Later in life, the fog was often attributed to indecision. “What are you going to do when you graduate?”
“Not sure. Sleep for a while, I guess. You?”
“Try to find a million dollars to pay off my student loans.”
“Totally awesome, Dude.”
Then there was the night I had to drive in Tule fog on our way to China Peak for a family ski vacation. It was so thick and right on the ground so all I could see were the taillights of the only other car on the road.
“You know, I keep thinking about something my mother used to say: ‘If the car in front of you drives off a cliff does that mean you have to drive off a cliff?’ Weird huh?”
“Snore, zzzzzzz, snore.”
Most recently, I was in an artistic fog tunnel created by Olafur Eliasson in an exhibition at the Tate Modern, a museum in London, England. He calls his exhibit “In Real Life.” As Pat and I entered, the fog was bright white and you could barely see the heads of the people in front of you as you walked. “If that lady with the big hair disappears over a cliff, don’t follow her.”
“Cliff! There’s a cliff? You said it was just a fog thing. Everything will be fine, you said.”
The light turned an eerie yellow as we continued walking zombie-like. “Cliff is just a metaphor from another time I was lost in a fog.”
“Oh, you mean like yesterday? Or the day before?”
“Yesterday we were in Churchill’s War Rooms. I was lost in the ‘fog of war.’ And the day before we were in Winchester Cathedral and I was plotting how I was going to get my remains entombed there with all the other famous writers, like Geoffrey Chaucer, Charles Dickens, Alfred Tennyson, and Jane Austen.
“What’s your plan?”
“I haven’t the foggiest.”
The light changed to a darker orange. It was like we were inside a smoke-filled pumpkin. Eliasson’s other exhibits were also captivating. There was a room with colored lights that projected multiple silhouettes of you in various hues onto a wall.
“You look good in green,” I told Pat. “If you come back as a space alien in your next life I think you will be quite popular.”
“Great.
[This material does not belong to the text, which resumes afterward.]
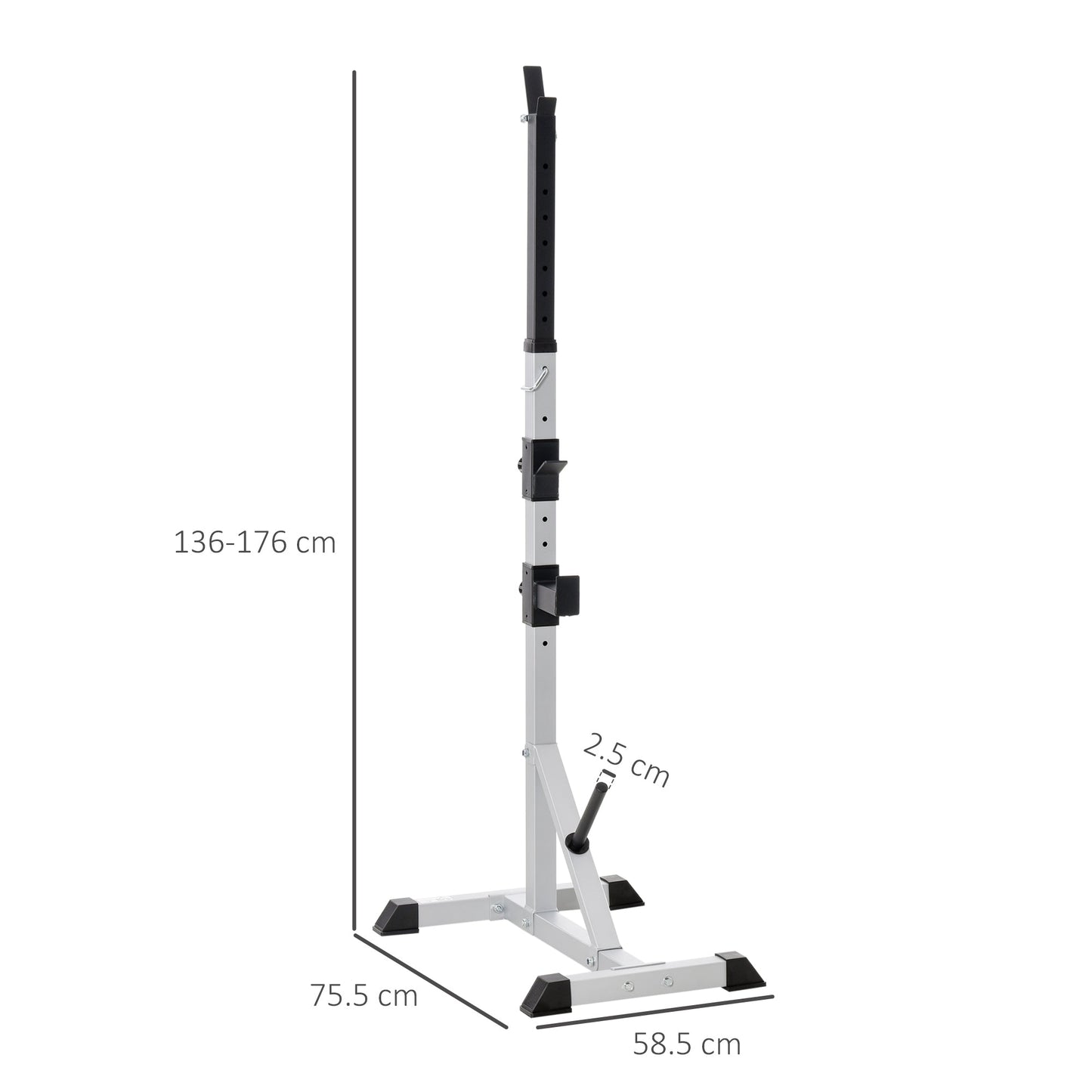 Set of 2 Steel Barbell Stands with 3 Hooks, Adjustable Height and 200kg Capacity, Silver and Black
I’m glad I’ll be happy as an extraterrestrial.”
Another exhibit had a single strobe light in the middle of an otherwise totally dark room. I was only in there for a few minutes but I swore I saw a guy I knew from my Hippie days. “Far out huh, man?” He said something to me in Chinese. “Wow, you took a radical turn from New Hampshire.” One strobe he was there and the next he was gone.
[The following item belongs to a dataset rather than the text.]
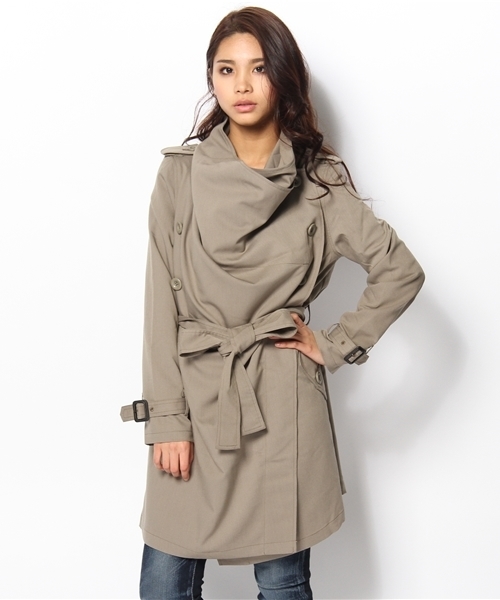 SLY LANG（スライラング）の「13Sドレープトレンチコート（トレンチコート・レディース・ライトパープル/ブラック/ベージュ/カーキ・FREE）」の3枚目の写真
Eliasson also created a tunnel of refracted images and a room with mirrors on the ceiling so you could see what you looked like to seagulls. And he had a room full of mist that made it seem like you were in a storm.
The Tate Modern itself is, well, a bit wonky, as they say. It has two towers. One you can take an elevator to the top and get great views of London and some all-glass apartments so you can admire their… furniture. Most of the 10 floors though are not open to the general public, so you have to go down to the second floor to cross over to the second shorter tower, where many exhibits are open to members only. Fortunately, there were still tickets to the Olafur Eliasson exhibit.
The light turned blue and then a door opened and we were out and headed for the exit. “That was great, but I actually kinda miss being in the fog.”
“Don’t worry,” Pat said. “There’s always tomorrow.”